The upstream business is involved in the drilling of oil wells and the manufacture of crude oil in industries. Examples of such businesses include Oil India and Shell. When these companies are profitable it usually results in high stock market prices because the crude oil manufactured by these companies is the raw material for many businesses.
If upstream companies find it hard to drill for oil and face an increase in research and development costs, it could have an adverse effect on the value of the oil company’s stock.
The second type of oil business is the downstream business. These are corporations involved in the distribution and retail function of crude oil. They are in control of your local gas stations such as Indian Oil and Bharat Petroleum. These companies find low crude oil prices beneficial as they can now purchase crude oil at a low price from upstream companies.
– Consumer Demand
Almost everything that a person consumes is tied to oil such as electricity or fuel for their cars.
An increase in the price of oil can raise the daily living costs for people, reducing the amount of money they have available to spend on other goods and services such as electronics or clothing. The revenue of these companies decreases as consumer demand for their goods and services falls. The negative effect on the earning of firms lowers the value of their stock.
Alternatively, a decrease in oil prices has the opposite effect. When consumers spend less on fuel, it gives them more money for other goods and services. The increase in demand raises earnings and has a positive impact on the stock market.
– Profitability of other industries
Since all businesses use a byproduct of oil, an increase or decrease in the price of oil can indirectly affect them as well.
If the price of oil increases, a delivery services company will face higher fuel costs. These costs will be translated to consumers as high prices for their services. The low earnings of the company will result in low stock prices for the industry.
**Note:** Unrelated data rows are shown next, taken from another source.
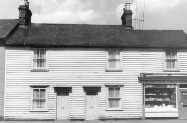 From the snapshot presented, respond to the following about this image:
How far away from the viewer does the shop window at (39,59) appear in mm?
17219

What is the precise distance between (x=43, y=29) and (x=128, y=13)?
8215mm

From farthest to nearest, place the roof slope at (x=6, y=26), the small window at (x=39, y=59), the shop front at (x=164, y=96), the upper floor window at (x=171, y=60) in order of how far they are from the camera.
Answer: the upper floor window at (x=171, y=60) < the roof slope at (x=6, y=26) < the shop front at (x=164, y=96) < the small window at (x=39, y=59)

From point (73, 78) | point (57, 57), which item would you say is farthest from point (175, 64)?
point (57, 57)

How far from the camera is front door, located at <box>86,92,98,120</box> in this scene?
17.2m

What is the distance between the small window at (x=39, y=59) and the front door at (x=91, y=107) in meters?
4.13

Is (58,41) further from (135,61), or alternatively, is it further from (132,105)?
(132,105)

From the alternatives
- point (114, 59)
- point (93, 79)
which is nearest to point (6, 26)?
point (93, 79)

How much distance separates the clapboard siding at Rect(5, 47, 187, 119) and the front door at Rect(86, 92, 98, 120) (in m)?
0.33

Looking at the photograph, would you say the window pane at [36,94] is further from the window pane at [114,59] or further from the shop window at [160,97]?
the shop window at [160,97]

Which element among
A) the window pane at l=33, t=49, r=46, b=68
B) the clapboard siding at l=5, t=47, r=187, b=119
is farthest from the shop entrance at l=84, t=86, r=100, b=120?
the window pane at l=33, t=49, r=46, b=68

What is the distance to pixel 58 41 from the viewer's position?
17.8 m

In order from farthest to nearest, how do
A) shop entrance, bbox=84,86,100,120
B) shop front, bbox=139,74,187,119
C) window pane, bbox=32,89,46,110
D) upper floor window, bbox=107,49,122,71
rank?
upper floor window, bbox=107,49,122,71 < shop front, bbox=139,74,187,119 < shop entrance, bbox=84,86,100,120 < window pane, bbox=32,89,46,110

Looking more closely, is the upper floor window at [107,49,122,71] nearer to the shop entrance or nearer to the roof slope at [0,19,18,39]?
the shop entrance

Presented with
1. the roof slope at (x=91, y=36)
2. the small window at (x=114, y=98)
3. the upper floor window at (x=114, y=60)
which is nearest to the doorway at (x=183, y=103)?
the roof slope at (x=91, y=36) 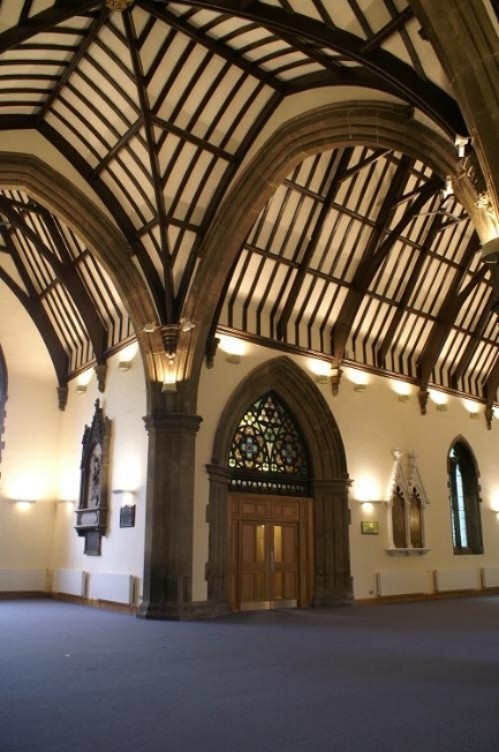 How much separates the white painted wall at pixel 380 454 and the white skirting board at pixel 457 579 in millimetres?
147

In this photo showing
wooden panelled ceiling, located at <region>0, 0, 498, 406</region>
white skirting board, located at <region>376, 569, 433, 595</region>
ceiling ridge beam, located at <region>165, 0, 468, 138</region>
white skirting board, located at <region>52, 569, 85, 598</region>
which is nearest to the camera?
ceiling ridge beam, located at <region>165, 0, 468, 138</region>

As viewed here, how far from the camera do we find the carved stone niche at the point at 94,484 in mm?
11648

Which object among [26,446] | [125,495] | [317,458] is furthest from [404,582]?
[26,446]

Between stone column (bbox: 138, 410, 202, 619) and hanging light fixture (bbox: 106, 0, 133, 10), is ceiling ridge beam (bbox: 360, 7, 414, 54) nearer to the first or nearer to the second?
hanging light fixture (bbox: 106, 0, 133, 10)

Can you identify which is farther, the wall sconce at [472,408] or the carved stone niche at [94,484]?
the wall sconce at [472,408]

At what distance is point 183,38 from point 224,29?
591mm

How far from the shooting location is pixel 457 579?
564 inches

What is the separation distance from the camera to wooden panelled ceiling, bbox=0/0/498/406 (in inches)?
305

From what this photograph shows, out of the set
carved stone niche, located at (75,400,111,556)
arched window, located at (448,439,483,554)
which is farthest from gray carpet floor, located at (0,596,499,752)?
arched window, located at (448,439,483,554)

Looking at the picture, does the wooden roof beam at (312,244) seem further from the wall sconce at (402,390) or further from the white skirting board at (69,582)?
the white skirting board at (69,582)

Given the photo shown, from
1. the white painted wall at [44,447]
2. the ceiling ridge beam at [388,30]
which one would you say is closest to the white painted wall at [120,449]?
the white painted wall at [44,447]

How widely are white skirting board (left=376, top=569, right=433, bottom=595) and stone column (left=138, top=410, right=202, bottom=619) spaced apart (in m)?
4.49

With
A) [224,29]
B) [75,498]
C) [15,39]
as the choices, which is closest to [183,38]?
[224,29]

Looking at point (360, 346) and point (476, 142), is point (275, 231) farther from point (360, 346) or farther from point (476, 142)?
point (476, 142)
Likewise, if oil prices decrease, the companies can charge lower prices to consumers and have high profitability and higher share prices. In reality, however, companies rarely lower the prices of goods and services if the price of raw materials has decreased.
– Impact on Inflation
The price of oil can directly or indirectly increase or decrease costs of goods and services in the economy and can result in inflation. In the United States, the price of oil is not considered a factor when the inflationary rate is calculated but its price can cause a ripple effect in the economy through industries that use crude oil as a raw material.
If oil prices rise, it can increase the cost of living for individuals, putting a pressure on wage rates to make up for this. The high labor costs increase the costs of goods and services and increase the rate of inflation in the economy as each dollar can now buy fewer goods and services. When inflation rises the stock prices of the industry decline.
Also read:
- The Relationship Between Oil Prices & Inflation -Investopedia
- The impact of rising oil prices on Indian economy
– Effect on Imports
For countries such as India that import almost 80 percent of its crude oil, a decrease in the price of oil is beneficial because it decreases imports expenditure and stabilizes the exchange rate of the currency.
However, a reduction in oil prices isn’t always great for the stock market. There is a positive relationship between the Foreign Direct Investment and the price of oil. When the price of oil goes up, oil-rich countries invest in emerging oil markets like India. However, when prices go down, they withdraw their investments.
Hence with a fall in oil prices, few foreign investors will invest their money in the Indian stock markets resulting in a negative impact on stock prices.
Conclusion
The versatility of the crude oil has made it an influential factor in the increase and decrease of stock prices. The price of oil not only affects the stock of oil companies but also the stocks of industries that use it a byproduct of it.
While the exact amount of influence it has on stock prices cannot be calculated, the price of this commodity can increase or decrease the total costs of production of many goods and services. This can affect the amount of goods people consume to exchange rate and the level of foreign direct investment which collectively affect the stock prices in an economy.
Needless to say, the price of crude oil has the ability to affect the level of investment in the economy and influence stock prices.